◆ **Task**
In this exercise, each record below is to be written out again exactly.
=== Records supplied ===
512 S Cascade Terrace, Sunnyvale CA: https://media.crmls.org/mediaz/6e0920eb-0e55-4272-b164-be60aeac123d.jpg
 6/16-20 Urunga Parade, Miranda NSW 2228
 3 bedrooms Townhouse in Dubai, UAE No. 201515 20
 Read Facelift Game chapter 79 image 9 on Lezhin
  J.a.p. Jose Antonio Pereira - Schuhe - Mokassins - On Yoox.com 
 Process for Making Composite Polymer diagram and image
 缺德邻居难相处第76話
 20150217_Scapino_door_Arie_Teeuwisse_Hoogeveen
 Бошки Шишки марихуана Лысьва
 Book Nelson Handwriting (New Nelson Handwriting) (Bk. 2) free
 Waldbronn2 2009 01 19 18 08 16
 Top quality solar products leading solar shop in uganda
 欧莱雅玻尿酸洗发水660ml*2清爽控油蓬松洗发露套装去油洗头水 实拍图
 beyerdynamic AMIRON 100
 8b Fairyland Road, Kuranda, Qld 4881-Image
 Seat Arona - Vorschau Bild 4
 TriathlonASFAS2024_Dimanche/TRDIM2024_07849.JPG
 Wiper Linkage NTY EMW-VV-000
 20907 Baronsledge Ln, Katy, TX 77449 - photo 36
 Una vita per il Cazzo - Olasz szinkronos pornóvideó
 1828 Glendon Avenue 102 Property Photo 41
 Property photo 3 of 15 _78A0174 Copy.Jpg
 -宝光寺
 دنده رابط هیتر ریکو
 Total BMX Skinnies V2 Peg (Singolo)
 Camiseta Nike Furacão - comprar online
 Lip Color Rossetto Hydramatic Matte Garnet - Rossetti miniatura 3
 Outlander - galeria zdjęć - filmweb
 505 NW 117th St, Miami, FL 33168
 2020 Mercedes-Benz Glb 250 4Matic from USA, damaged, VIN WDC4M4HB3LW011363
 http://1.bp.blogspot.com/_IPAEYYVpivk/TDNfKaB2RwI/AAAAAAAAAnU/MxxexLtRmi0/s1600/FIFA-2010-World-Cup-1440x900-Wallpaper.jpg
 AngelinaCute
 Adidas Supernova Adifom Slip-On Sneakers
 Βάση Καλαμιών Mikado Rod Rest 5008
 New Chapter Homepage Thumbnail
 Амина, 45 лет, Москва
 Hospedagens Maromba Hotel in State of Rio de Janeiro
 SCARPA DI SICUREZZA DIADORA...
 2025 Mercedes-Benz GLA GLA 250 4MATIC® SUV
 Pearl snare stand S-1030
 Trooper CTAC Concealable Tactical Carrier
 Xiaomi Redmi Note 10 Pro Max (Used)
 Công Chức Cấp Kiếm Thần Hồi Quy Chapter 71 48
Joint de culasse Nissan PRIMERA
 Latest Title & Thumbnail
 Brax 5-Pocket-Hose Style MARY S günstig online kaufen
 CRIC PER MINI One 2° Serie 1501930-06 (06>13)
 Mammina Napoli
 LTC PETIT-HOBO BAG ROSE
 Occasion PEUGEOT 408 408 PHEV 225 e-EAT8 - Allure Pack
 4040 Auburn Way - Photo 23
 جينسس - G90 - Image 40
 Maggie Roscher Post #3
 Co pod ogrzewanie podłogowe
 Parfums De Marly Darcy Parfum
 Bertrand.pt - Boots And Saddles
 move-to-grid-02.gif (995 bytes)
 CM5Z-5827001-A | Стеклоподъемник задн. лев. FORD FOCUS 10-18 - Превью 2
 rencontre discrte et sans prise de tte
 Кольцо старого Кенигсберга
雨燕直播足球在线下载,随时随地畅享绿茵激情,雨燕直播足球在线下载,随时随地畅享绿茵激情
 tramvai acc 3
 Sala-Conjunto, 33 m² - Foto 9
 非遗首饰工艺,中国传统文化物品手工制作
===
◆ **Your response**
512 S Cascade Terrace, Sunnyvale CA: https://media.crmls.org/mediaz/6e0920eb-0e55-4272-b164-be60aeac123d.jpg
 6/16-20 Urunga Parade, Miranda NSW 2228
 3 bedrooms Townhouse in Dubai, UAE No. 201515 20
 Read Facelift Game chapter 79 image 9 on Lezhin
  J.a.p. Jose Antonio Pereira - Schuhe - Mokassins - On Yoox.com 
 Process for Making Composite Polymer diagram and image
 缺德邻居难相处第76話
 20150217_Scapino_door_Arie_Teeuwisse_Hoogeveen
 Бошки Шишки марихуана Лысьва
 Book Nelson Handwriting (New Nelson Handwriting) (Bk. 2) free
 Waldbronn2 2009 01 19 18 08 16
 Top quality solar products leading solar shop in uganda
 欧莱雅玻尿酸洗发水660ml*2清爽控油蓬松洗发露套装去油洗头水 实拍图
 beyerdynamic AMIRON 100
 8b Fairyland Road, Kuranda, Qld 4881-Image
 Seat Arona - Vorschau Bild 4
 TriathlonASFAS2024_Dimanche/TRDIM2024_07849.JPG
 Wiper Linkage NTY EMW-VV-000
 20907 Baronsledge Ln, Katy, TX 77449 - photo 36
 Una vita per il Cazzo - Olasz szinkronos pornóvideó
 1828 Glendon Avenue 102 Property Photo 41
 Property photo 3 of 15 _78A0174 Copy.Jpg
 -宝光寺
 دنده رابط هیتر ریکو
 Total BMX Skinnies V2 Peg (Singolo)
 Camiseta Nike Furacão - comprar online
 Lip Color Rossetto Hydramatic Matte Garnet - Rossetti miniatura 3
 Outlander - galeria zdjęć - filmweb
 505 NW 117th St, Miami, FL 33168
 2020 Mercedes-Benz Glb 250 4Matic from USA, damaged, VIN WDC4M4HB3LW011363
 http://1.bp.blogspot.com/_IPAEYYVpivk/TDNfKaB2RwI/AAAAAAAAAnU/MxxexLtRmi0/s1600/FIFA-2010-World-Cup-1440x900-Wallpaper.jpg
 AngelinaCute
 Adidas Supernova Adifom Slip-On Sneakers
 Βάση Καλαμιών Mikado Rod Rest 5008
 New Chapter Homepage Thumbnail
 Амина, 45 лет, Москва
 Hospedagens Maromba Hotel in State of Rio de Janeiro
 SCARPA DI SICUREZZA DIADORA...
 2025 Mercedes-Benz GLA GLA 250 4MATIC® SUV
 Pearl snare stand S-1030
 Trooper CTAC Concealable Tactical Carrier
 Xiaomi Redmi Note 10 Pro Max (Used)
 Công Chức Cấp Kiếm Thần Hồi Quy Chapter 71 48
Joint de culasse Nissan PRIMERA
 Latest Title & Thumbnail
 Brax 5-Pocket-Hose Style MARY S günstig online kaufen
 CRIC PER MINI One 2° Serie 1501930-06 (06>13)
 Mammina Napoli
 LTC PETIT-HOBO BAG ROSE
 Occasion PEUGEOT 408 408 PHEV 225 e-EAT8 - Allure Pack
 4040 Auburn Way - Photo 23
 جينسس - G90 - Image 40
 Maggie Roscher Post #3
 Co pod ogrzewanie podłogowe
 Parfums De Marly Darcy Parfum
 Bertrand.pt - Boots And Saddles
 move-to-grid-02.gif (995 bytes)
 CM5Z-5827001-A | Стеклоподъемник задн. лев. FORD FOCUS 10-18 - Превью 2
 rencontre discrte et sans prise de tte
 Кольцо старого Кенигсберга
雨燕直播足球在线下载,随时随地畅享绿茵激情,雨燕直播足球在线下载,随时随地畅享绿茵激情
 tramvai acc 3
 Sala-Conjunto, 33 m² - Foto 9
 非遗首饰工艺,中国传统文化物品手工制作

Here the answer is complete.